May 1968 in Paris would have drawn on the example of the first Grosvenor Square riot.

Location: Grosvenor Square, W1K 2HN (purple, pink)

 

The National Gallery

When William Wilkins designed the National Gallery (1838) he was required to incorporate a passage that would allow troops to be deployed in the square at short notice from the barracks that were located behind the gallery's west wings. It is reputed that the space s fountains were added in 1845 in order to try to discourage mobs from assembling.

Location: Trafalgar Square, WC2N 5DN (brown, red)

See Also: GALLERIES The National Gallery; TRAFALGAR SQUARE

 

The Piccadilly Riot of 1886

The Piccadilly Riot of 1886 was triggered by employees of the Reform Club baiting the protestors by throwing boot brushes and toothbrushes at them. The shops of Jermyn Street were looted. The rioters tried on their new suits in Hyde Park.

Location: 104 Pall Mall, SW1Y 5EW (orange, brown)

See Also: CLUBLAND The Reform Club

 

The Red Lion Square Riot

The National Front had been set up in 1967. In 1974 the party ran candidates in the general election. In May 1974 the party up to 10% of the vote in some parts of London. Peter Cadogan was a high profile, left-wing political activist.1 In June 1974, as the Secretary of the South Place Ethical Society, he accepted simultaneous bookings from both the National Front and Liberation, an anti-colonial group, to use rooms at Conway Hall. He deplored the Front but believed that its members had the right to engage in those of their activities that were legal. The double booking led to the Red Lion Square riot. Kevin Gately, a 21-year-old student at Warwick University, died as a result of a blow to the head. From then there was an active Leftist campaign to oppose the Front wherever it was active.

Cadogan was to tell the subsequent Scarman Inquiry that Liberation had deceived him and that it had been the International Marxist Group that had sought to start the violence.

Location: Red Lion Square, WC1R 4HQ. One of the Hall's entrances is in Red Lion Square. (blue, yellow)

See Also: THE HARD LEFT

1. In 1968 Cadogan had been one of the organisers behind the Grosvenor Square Vietnam demonstration, which had also ended in a riot. In 1963 he had been prominent in the Committee of 100 Trafalgar Square protest, which had not.

 

The Southall Riot

In 1979 The Hamborough Tavern in Southall was a music venue. It was putting on a concert by the oi bands The 4-Skins, The Business, and The Last Resort. The Anti-Nazi League organised a demonstration.

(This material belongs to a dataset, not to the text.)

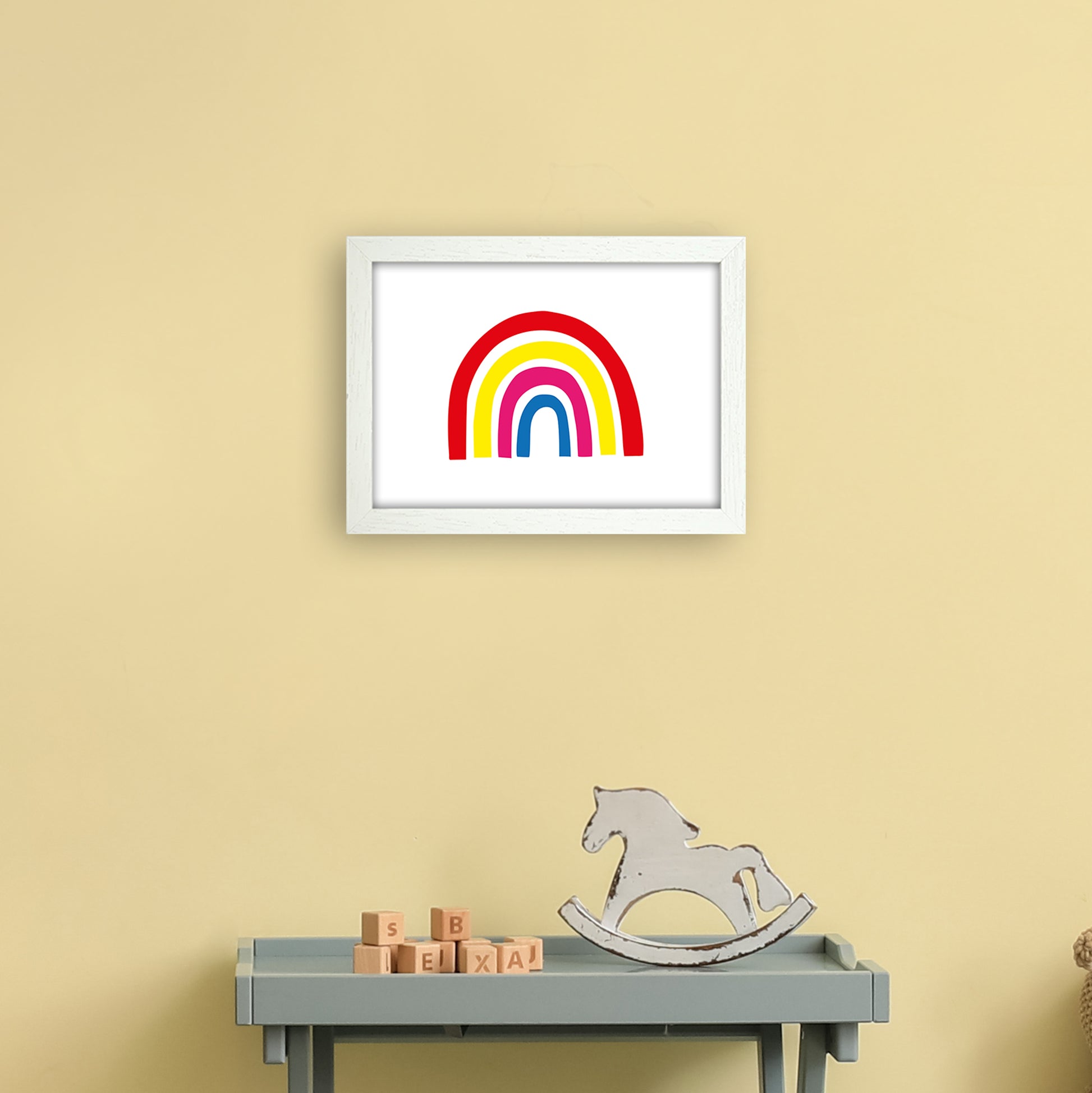 Rainbow Red  Art Print by Pixy Paper A4 Oak Frame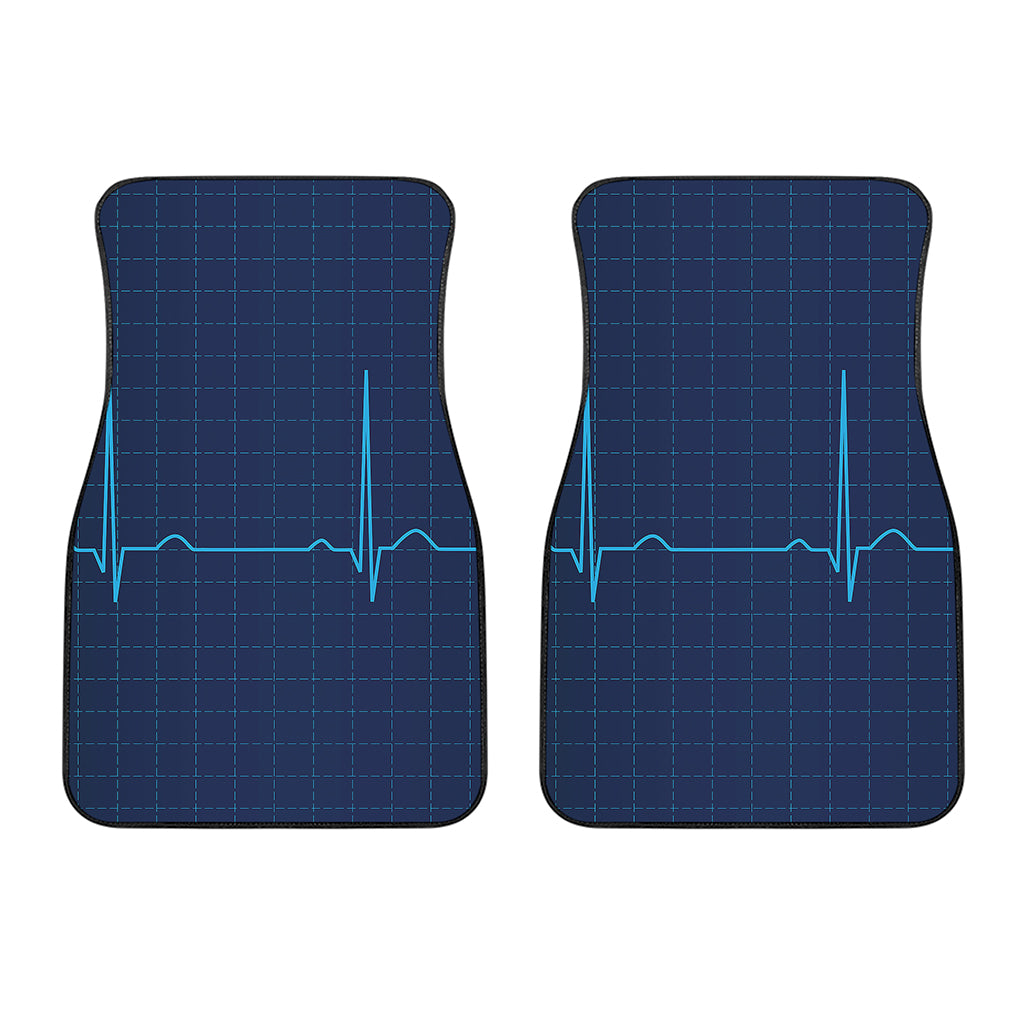 Heartbeat Electrocardiogram Print Front Car Floor Mats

A riot ensued. During it a member of the Special Patrol Group killed Blair Peach, a teacher. The pub was burned down. There was a perception in the Hard Left that the Front and the police had won Southall. However, a few days later a general election took place. The previous National Front support collapsed.

In 2009 the Met's report into the death of Blair Peach was published.

Location: Southall Dominion Cinema, 112 The Green, UB2 4BQ. Blair Peach's corpse was laid out. Thousands paid their respect to it.